This one by Notaclue: Look at the slimeball. Takes the phone and puts it in his pocket! https://twitter.com/joepike/status/1204018593656180736 ]

Joe Pike is utterly brilliant. Johnson just spouts his shit, but Pike keeps to his purpose, politely, curteously and in so doing allows Johnson to dig himself a very big hole. "You've taken my phone and put it in your pocket", an understated killer line. Bravo that man!
 
Disgusting, https://www.bbc.co.uk/news/uk-england-leeds-50713236, both for it to happen, then Johnson’s utterly disgraceful lack of empathy.

Poor kid, mind you, you'd sleep anywhere when you feel like that, specially when you're a nipper.
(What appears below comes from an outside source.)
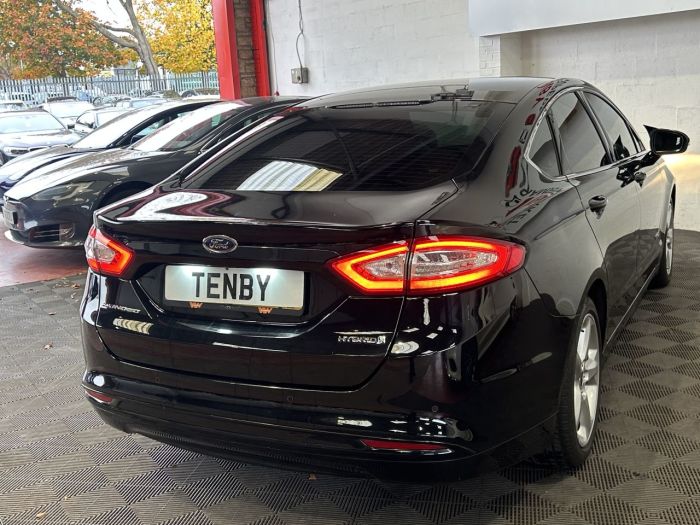 Ford Mondeo 2.0 TiVCT Titanium Edition Saloon 4dr Petrol Hybrid CVT 6Spd Euro 6 (s/s) (187 ps) Saloon Hybrid BLACK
I had a similar experience with my own daughter a while back, I'd imagine countless people do.

Anyway, just as well he wasn't admitted into the QEUH in Glasgow though, eh?

So easy to jump onto the old political pointscoring bandwagon.
 
I’ve just done the unthinkable and looked at Mailonline to get to the truth about the Leeds incidents.
Every time I click refresh the story changes.

The general trajectory seems to go “Labour thugs assault Matt Hancock”...oh hang on...”someone brushed a sleeve”...”oh shit, what’s Boris done now?” Oh FFS”...”pass it off as a ‘bizarre incident’... “the North is hell made manifest, get me back to Surrey”.